Friday, May 4, 2018

*The Clue, by Carolyn Wells

The Best Books Publishing, 2018
originally published 1909
151 pp


The Clue is the first of a long lineup of books to feature Detective Fleming Stone.  In this particular story, Stone comes in towards the end and triumphs in solving the case, a feat that neither the police detective nor an attorney/amateur detective has managed to pull off before his arrival.  But more on that a bit later.

Wells caught my attention as I was scoping out which vintage crime novels to read this year.

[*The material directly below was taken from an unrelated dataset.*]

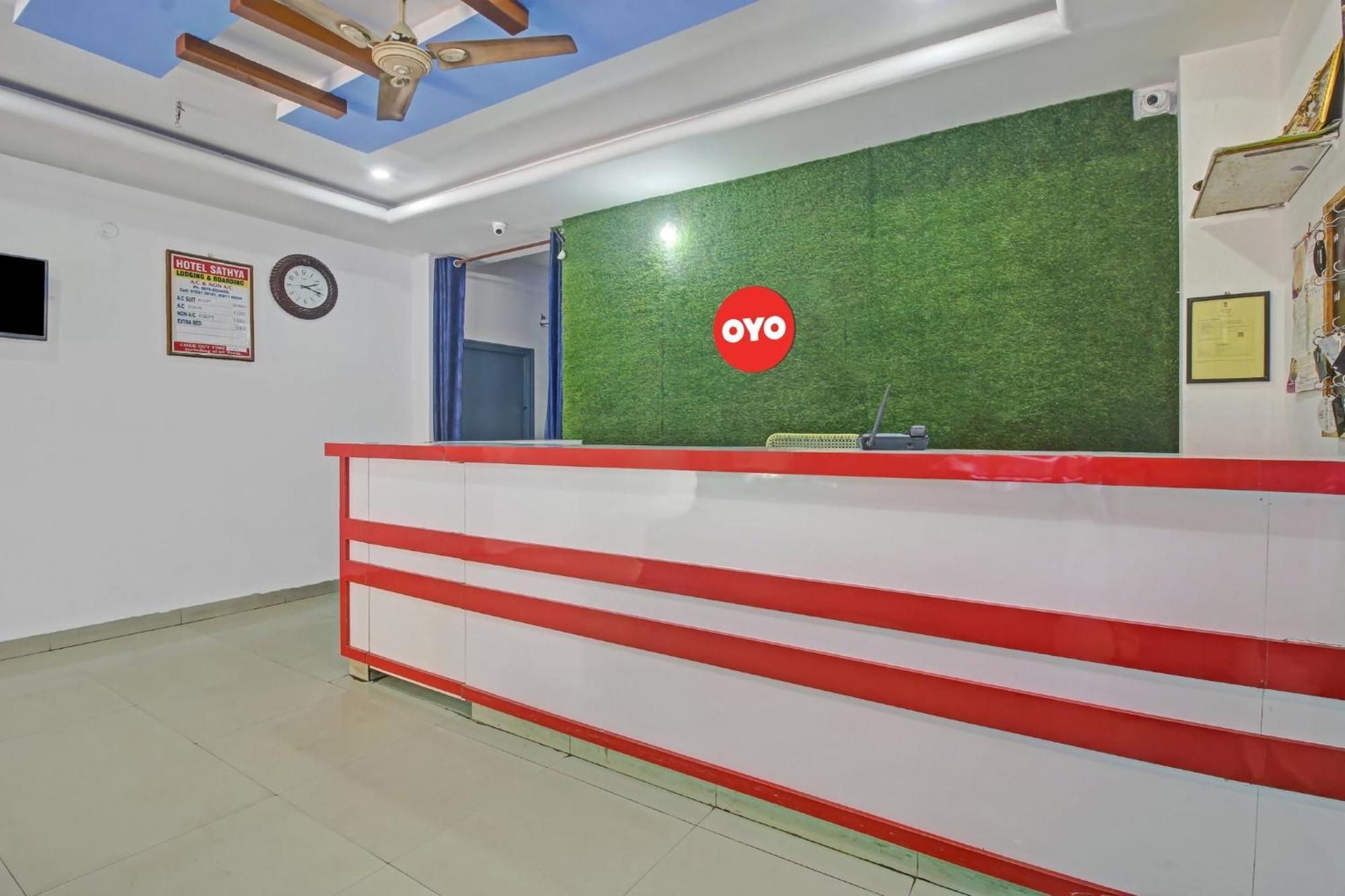 Hotel O Satya Inn Karimnagar Buitenkant foto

For one thing, I'd never heard of her and for another, this book, The Clue, appeared as part of the Haycraft-Queen Definitive Library of Detective, Crime, and Mystery Fiction.   Wells (1862-1942) was incredibly prolific, the author of "170 books, including detective stories, children's books, humour, parody and poetry," according to the blog Female Poets of the First World War.   The list of her crime/mystery/detective novels is huge, as shown here at, with the Fleming Stone series outnumbering all of her other mystery novels; her detective stories on the whole constituted the largest part of her work.

 Regarding her Fleming Stone novels, (all quotations below taken from the Ramble House blog)  Howard Haycraft wrote in 1941 that
"The surprising fact, perhaps, is not that some of the stories scarcely rise to the mark, but that have not perceptibly diminished in popularity.  Carolyn Wells is in many ways a remarkable woman ... She would presumably be the last to maintain that Fleming Stone belongs in the company of the immortals of detective literature.  The fact that his adventures have given harmless pleasure to many thousands of readers she undoubtedly considers full and sufficient reward."
 Other writers haven't been so kind; Dashiell Hammett said of her work that it was
"conscientiously in accordance with the formula as adopted as standard by the International Detective Story Writers' Convention at Geneva in 1904. One would expect that by now she would have learned to do the trick expertly. She hasn't."
and in 1982, Bill Pronzini wrote that Fleming Stone was
"as unreal an investigator as any of his dime novel predecessors.  In not one of his ... cases does he come alive as a human being, or as anything more than a two-dimensional silhouette with a penchant for pulling murderers out of hats on the flimsiest of clues and evidence."

original cover from Project Gutenberg Australia

While I won't go deep into plot here, the story begins on the eve of the wedding of a young heiress. She is found dead and it seems like her death will go down as a case of suicide, that is, until one of the doctors present discovers evidence that brings in the coroner and an inquest.  The suspects range from the servants to family to friends,  with the fiancé at the top of the list of suspects, having entered the house with his own key; he is also the one who discovered the body and alerted the household.     His best man, a lawyer who fancies himself as a sort of amateur detective, decides to do some digging on his own, but eventually admits defeat.  It is at this juncture, towards the last few pages of the novel, that the bridegroom suggests  bringing  in Fleming Stone, a detective who had done "wonderful work in celebrated cases all over the country."  He is described as having "a most attractive personality," a man "nearly fifty years old, with graying hair and a kindly responsive face."  And really, that is pretty much all we learn about this man except that he is good at taking the most minuscule of clues and solving a crime that seems otherwise impossible.

from Project Gutenberg Australia 

The Clue is another novel that I'm glad to have read because it was written by a woman whose work seems to have faded into obscurity.  I have to say that it would likely be more at home in the library of a cozy reader -- the romance keeps it light in tone as does the amateur detecting going on. And even though all is put right once again in this house, the ending is a bit over-the-top melodramatic, actually causing an eyeroll on my part.   But it does have its moments, for example, in an interchange between two characters who make fun of detective stories; ironically  that discussion ends up with talk of a "Mr. Smarty-Cat Detective," who "deduces the whole story." I say ironically because that is precisely what happens here, with the arrival of Fleming Stone.  He is like the living deus ex machina who comes in, takes a look around and solves the entire case in a short time.  I'd try another one just to see if this is his pattern, just out of pure interest.   I suppose, like many mystery novels, the fun is in the getting there, complete with a host of suspects with motive, a few red herrings, and a crime that borders on the impossible.  


  1. This one sounds 'cute,' and I'd be interested in discovering whether this is her modus operandi.

    1. Not so much cute as light. Truth be told, I guessed the who early on; it was the how that I cared about.